Love In the Time of Contraception
By Shannon Drury, Tuesday, February 1, 2011, 1 commentsSadly, a novelization of my sexual life story wouldn’t be published by Harlequin—it would be a Tom Clancy-esque thriller, a tale of perseverance against an inexhaustible foe. My clear and present danger?
Sperm.
Puberty arrived for yours truly in 1984, a time when AIDS hysteria was nearly as pitched as the threat of thermonuclear war. In the Reagan years, the possibility of AIDS transforming from a death sentence to a chronic illness was nearly as unimaginable as German reunification or George Michael’s homosexuality. The message sent to horny teens everywhere was clear: DON’T HAVE SEX OR YOU’LL DIE! Just say no, indeed.
Later, the warning was appended thusly: IF YOU’RE GOING TO HAVE SEX ANYWAY, EVEN THOUGH WE TOLD YOU NOT TO, USE A CONDOM OR YOU’LL DIE! These were very sexy times.
My generation of college students, especially those on campuses in decidedly non-Studio 54 settings, worried less about contracting HIV than catching chlamydia or worse, an unplanned pregnancy. Every dormitory bathroom contained a small envelope packed with spermicide-coated condoms, but the slippery little devils tended to intimidate our nervous 18-year-old partners. We lamented these young men’s tendency to panic at the sound of the Trojan wrapper, so frantic about keeping it up while the condom was adjusted that softness attacked. Beer, the main source of nutrients for the average college student, didn’t help things.

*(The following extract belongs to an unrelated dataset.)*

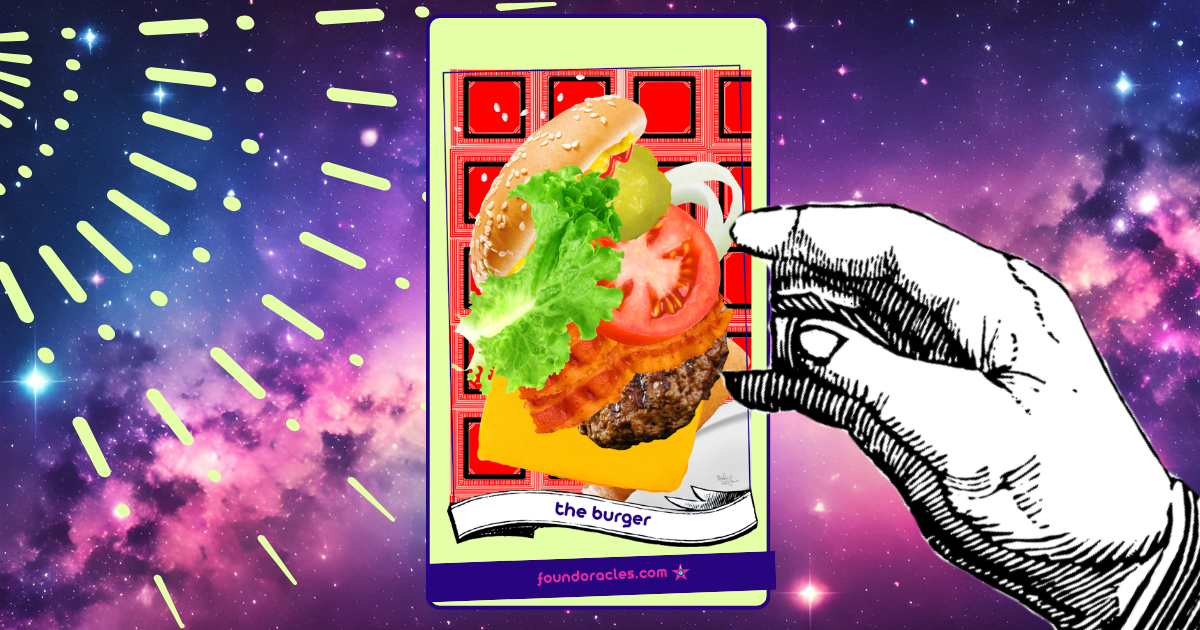 A collage art oracle card showing a burger in mid air just flung from a plate with all of its parts flying but still part of the whole on a background of square boxes. The Burger. Found Oracles.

Should we have postponed sex until marriage? It’s true that many of my friends married their college sweethearts, but no sane person buys a car without taking it around the block for a test drive.
After graduation, in a trusting relationship with a non-alcoholic, I filled my first prescription for the Pill. On Day 10, when one of my Starbucks customers complained that he asked for a no-whip mocha, I crawled to the back room and wept— a big deal in the coffee world, where you’re expected to be so blasted on caffeine that you can charge through eight hours without stopping. After work, I remained too skittish to desire sex at all, defeating the Pill’s purpose entirely.